**Information supplied**
......

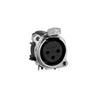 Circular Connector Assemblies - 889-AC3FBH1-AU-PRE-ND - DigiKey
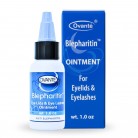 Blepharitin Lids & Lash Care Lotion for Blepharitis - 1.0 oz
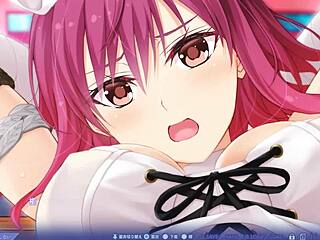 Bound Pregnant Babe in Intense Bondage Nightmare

......

**Prompt**
Retype the data shown above exactly, excluding any picture it contains.

**Task result**
 Circular Connector Assemblies - 889-AC3FBH1-AU-PRE-ND - DigiKey
 Blepharitin Lids & Lash Care Lotion for Blepharitis - 1.0 oz
 Bound Pregnant Babe in Intense Bondage Nightmare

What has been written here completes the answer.